I still maintain that for my kind of job, if I’m walking around too much and racking up steps, I’m not actually working so the two things are diametrically opposed. I can either work or walk around.

In October, I decided to analyse my Fitbit stats. I only racked up 13 days of more than 5000 steps.

So in November, I decided to make my goal 5000 steps and try and get that number to 20 days of 5000 steps or more. I made it – got to 21 days.

I decided to do the same in December and managed to get to 5000 steps for 24 of the 31 days.

In January, since I knew I’d be on holiday for 10 of the days, I upped my goal to 25 days. Managed 28. That is excellent for me!

Now in February, I’m on a 14 of 18-day streak as at the time of writing this post. This has been a “normal” work month for me so plenty of client meetings, and therefore the days when I just cannot are quite usual.

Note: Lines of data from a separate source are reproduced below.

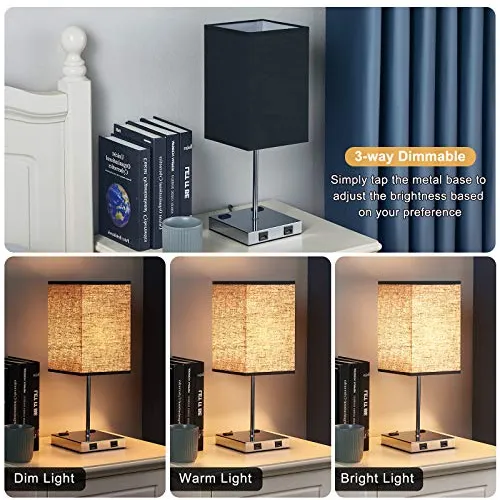 Lámpara De Mesa Táctil 2 Puertos Usb Y Enchufes Lám...
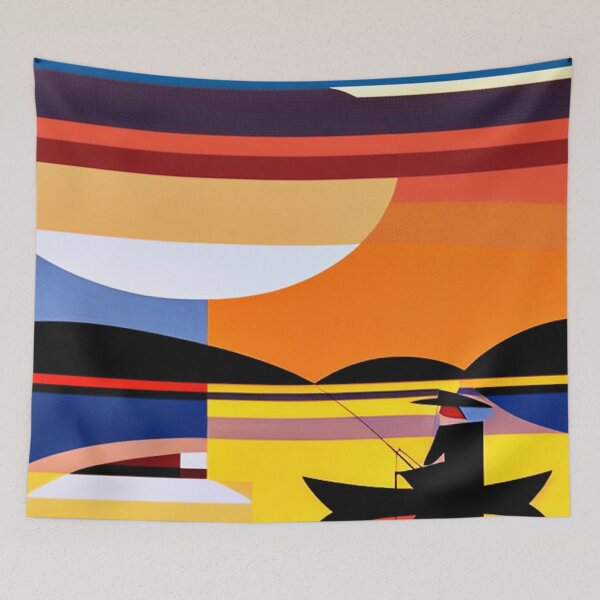 Item preview, Angling at sunset designed and sold by George Hutton Hunter.
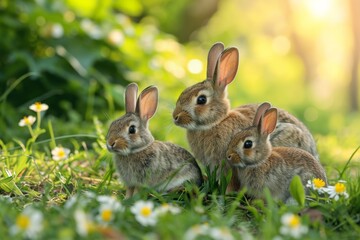 Fototapeta premium Rabbit Family in Spring Meadow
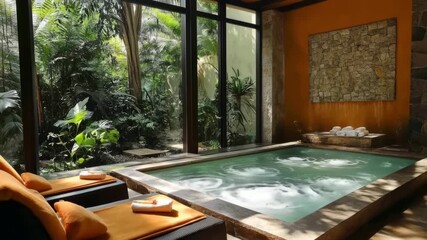 Hydromassage pool with deck chairs and towels in a luxury spa with a tropical garden view, offering tranquility and relaxation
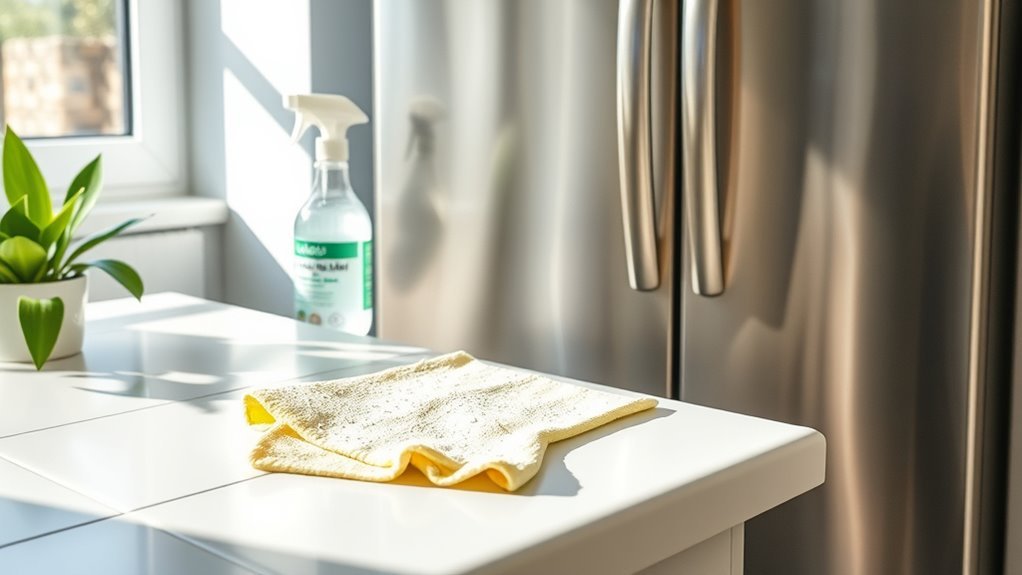 clean and polish refrigerator surfaces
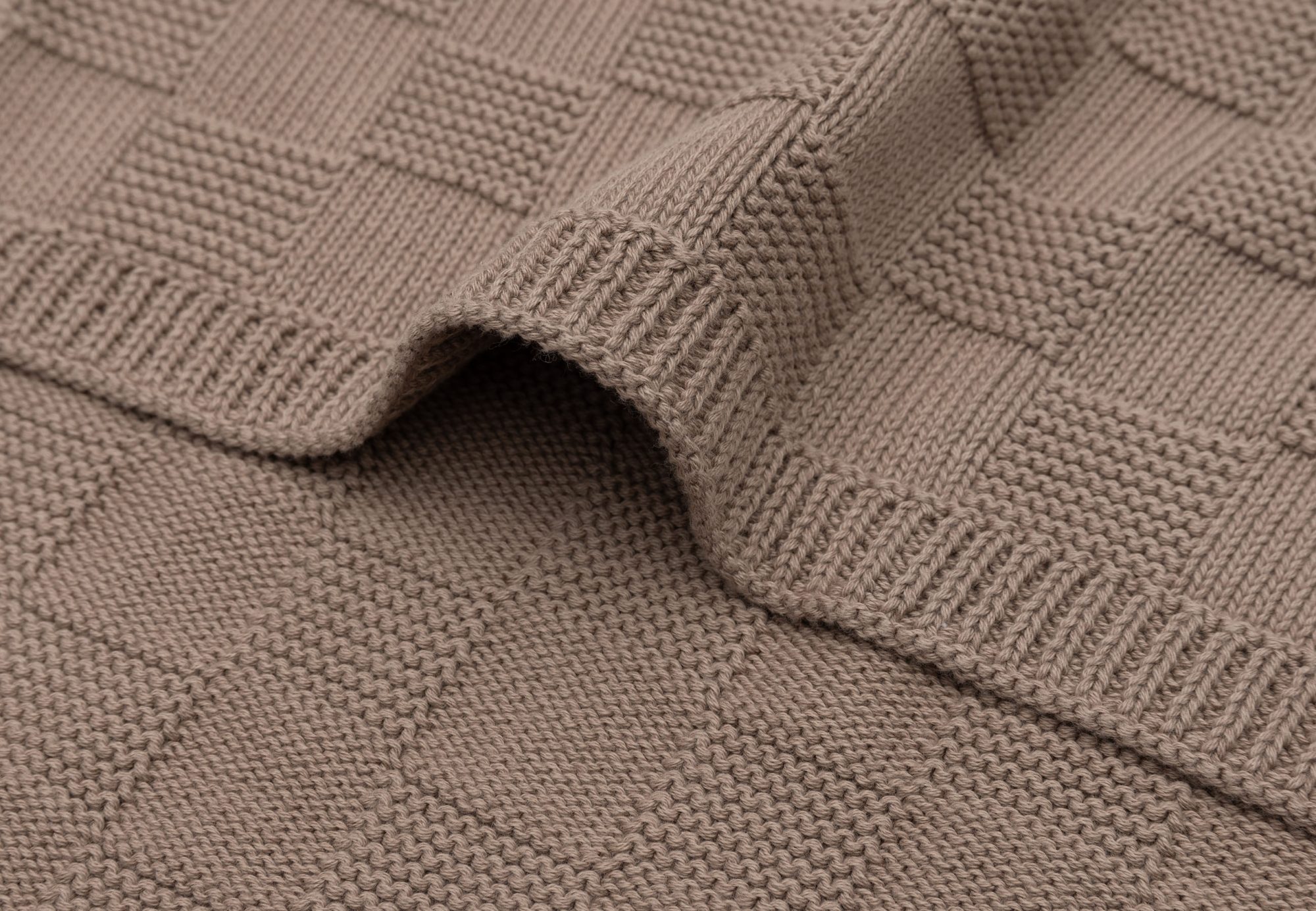 Deken Wieg 75x100cm Box Knit - Milky Coffee - GOTS - afbeelding 5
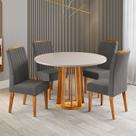 Conjunto Sala de Jantar 4 Lugares Redondo Tampo de MDF Morgan Yescasa Conjunto Sala de Jantar 4 Lugares Redondo Tampo de MDF Morgan Yescasa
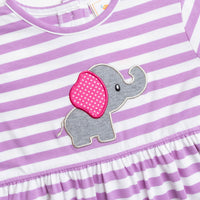 Elephant-astic Applique Romper, Purple
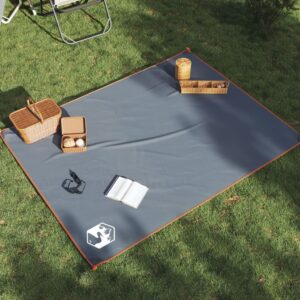 vidaXL Pikniková deka s kolíkmi sivá a oranžová 205x155 cm-1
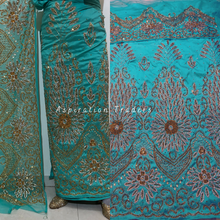 Load image into Gallery viewer, Sober Sea Green with Gold Beaded work Designer George set - NLDG226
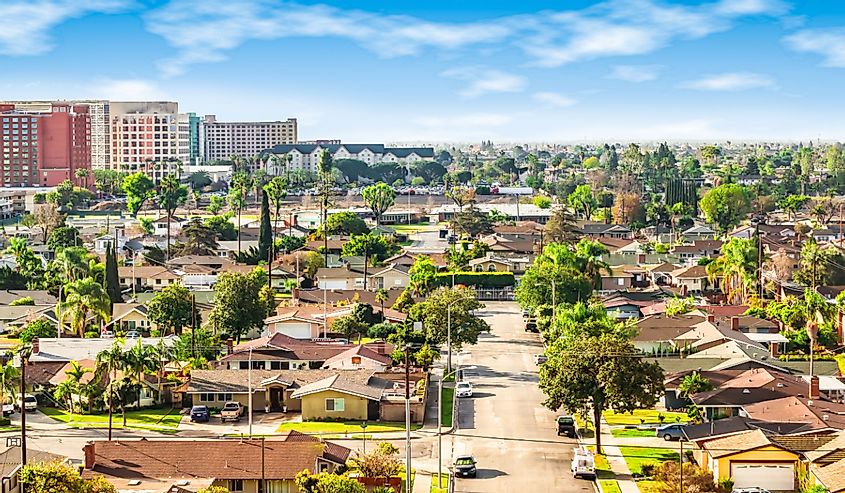 Panoramic view of a neighborhood in Anaheim, California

What I have learned about my fitness journey is this:

  • Saturdays and Tuesdays are easy because I have a scheduled dance class already.
  • I’m much more likely to try get to my 5000 steps when I’m within a comfortable distance (if I have 4600 or so at 10 pm, I will walk up and down my kitchen) but not if I feel like it’s unattainable. This is a life lesson for all goals, don’t you think?
  • I’m a moderator with fitness. I’m definitely not an all or nothing type person. I prefer to do a bit on a very consistent basis than rack up 10 000 steps once a week and 3000 on the other days. What about you?
  • Shoes make a big difference. On gym days, when I have on my takkies (exercise shoes), I’m much more likely to run up and down my stairs to fetch things upstairs/ downstairs than I am when I’m wearing work shoes or flip flops.
  • I really need to increase my fitness very slowly to have success.

Do you track the steps you walk?

Do you walk more when you’re tracking?

Do you know what your average number of steps is, and when your highest days are?